Un sol luciente y, de pronto, un cielo encapotado por la niebla. Esto es lo que se han encontrado muchos de los peregrinos que se han dirigido hacia Roncesvalles. La leyenda popular cuenta que esta romería es una de las más antiguas de Navarra; en concreto, se sabe que existe, como mínimo, desde el siglo XVI. Se trata, por tanto, de una tradición centenaria que se mantiene en el tiempo gracias a sus fieles que, con más o menos devoción religiosa, madrugan cada año para llevar a rastras las cruces del valle de Artze y Orotz-Betelu hasta la Real Colegiata de Roncesvalles.
A las seis de la mañana 15 valientes han salido de Uriz (a 18 kilómetros de Orreaga) vestidos con túnicas negras y con un recuerdo a los hombros, el de su pasado. Una hora después se han unido los peregrinos de Arrieta y Arce hasta que se han juntado en un cruce de carreteras. Desde entonces, y hasta que han llegado a Roncesvalles a las 10.30 horas, todos han ido cantando sus cánticos populares, típicos de cada pueblo.
El tiempo les ha acompañado durante toda la mañana, a pesar de que los últimos dos kilómetros hayan estado marcados por el cansancio y la niebla, que en muchas ocasiones dificulta la peregrinación. “Se me ha metido hasta en los huesos”, se ha quejado uno de los fieles. Esta situación meteorológica ha hecho que algunos se desanimaran, pero ha vuelto la alegría cuando han retomado las canciones y los ánimos: “venga, que ya no nos queda nada. Después de todo lo que hemos hecho, esto debería ser un suspirico”, ha dicho una señora a un grupo de chicas jóvenes.

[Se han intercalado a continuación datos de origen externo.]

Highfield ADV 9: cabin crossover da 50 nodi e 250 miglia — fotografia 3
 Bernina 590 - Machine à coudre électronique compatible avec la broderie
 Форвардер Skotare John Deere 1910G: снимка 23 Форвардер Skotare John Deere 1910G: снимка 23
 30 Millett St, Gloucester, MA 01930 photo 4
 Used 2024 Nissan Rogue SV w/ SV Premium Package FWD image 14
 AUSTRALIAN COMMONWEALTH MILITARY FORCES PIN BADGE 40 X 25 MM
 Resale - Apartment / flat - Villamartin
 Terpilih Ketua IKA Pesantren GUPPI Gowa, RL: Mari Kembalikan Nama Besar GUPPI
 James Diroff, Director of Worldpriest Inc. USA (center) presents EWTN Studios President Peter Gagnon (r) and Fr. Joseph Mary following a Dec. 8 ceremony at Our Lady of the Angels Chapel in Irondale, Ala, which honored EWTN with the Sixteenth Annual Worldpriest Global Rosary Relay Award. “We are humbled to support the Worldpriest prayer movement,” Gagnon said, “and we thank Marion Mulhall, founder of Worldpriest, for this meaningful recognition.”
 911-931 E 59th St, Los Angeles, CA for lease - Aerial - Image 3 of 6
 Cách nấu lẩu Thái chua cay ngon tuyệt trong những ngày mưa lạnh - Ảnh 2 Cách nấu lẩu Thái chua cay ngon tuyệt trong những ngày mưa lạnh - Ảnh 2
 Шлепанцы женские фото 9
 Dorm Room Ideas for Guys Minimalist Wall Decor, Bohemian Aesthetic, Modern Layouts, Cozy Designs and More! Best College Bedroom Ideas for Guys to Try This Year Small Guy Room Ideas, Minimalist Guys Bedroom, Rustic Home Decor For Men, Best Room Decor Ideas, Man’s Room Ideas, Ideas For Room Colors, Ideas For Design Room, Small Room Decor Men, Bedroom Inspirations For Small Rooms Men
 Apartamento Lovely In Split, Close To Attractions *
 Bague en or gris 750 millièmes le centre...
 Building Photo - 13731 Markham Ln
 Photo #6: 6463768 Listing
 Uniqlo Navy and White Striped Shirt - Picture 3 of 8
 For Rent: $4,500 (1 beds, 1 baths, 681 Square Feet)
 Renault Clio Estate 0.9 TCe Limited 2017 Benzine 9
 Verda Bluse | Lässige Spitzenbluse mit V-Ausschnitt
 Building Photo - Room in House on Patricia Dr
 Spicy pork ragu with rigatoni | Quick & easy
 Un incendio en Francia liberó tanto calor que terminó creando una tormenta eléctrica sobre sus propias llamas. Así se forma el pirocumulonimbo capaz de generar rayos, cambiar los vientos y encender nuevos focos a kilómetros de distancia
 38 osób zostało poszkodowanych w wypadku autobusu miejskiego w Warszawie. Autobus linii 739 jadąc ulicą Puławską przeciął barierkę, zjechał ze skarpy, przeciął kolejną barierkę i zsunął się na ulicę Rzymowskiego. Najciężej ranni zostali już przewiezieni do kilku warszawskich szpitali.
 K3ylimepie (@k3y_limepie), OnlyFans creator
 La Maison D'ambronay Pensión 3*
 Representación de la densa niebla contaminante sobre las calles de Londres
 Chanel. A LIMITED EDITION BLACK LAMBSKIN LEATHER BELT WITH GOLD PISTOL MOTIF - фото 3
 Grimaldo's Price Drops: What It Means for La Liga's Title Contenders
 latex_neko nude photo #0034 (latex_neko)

Josetxo Ibarra fue uno de esos valientes que madrugó para portar la cruz desde Uriz. Cuando era un crío, heredó la tradición de su padre, que él había copiado del suyo. Y, al igual que ahora su hijo Eneko, de 7 años, portaba una cruz pequeña para imitar a sus predecesores con la intención de parecerse un poco a ellos. El relevo generacional está asegurado.
Una cruz pesa alrededor de 12 kilos, pero con cada pisada parece que el peso aumenta. Y todavía más después de remolcarla durante 18 kilómetros. “Él también ha llevado una, pero es mucho más liviana para que se vaya acostumbrando, ¿verdad, Eneko?”, le ha preguntado Josetxo a su hijo, que ha asentido con la cabeza apoyada en su penitencia y la mirada perdida entre la gente.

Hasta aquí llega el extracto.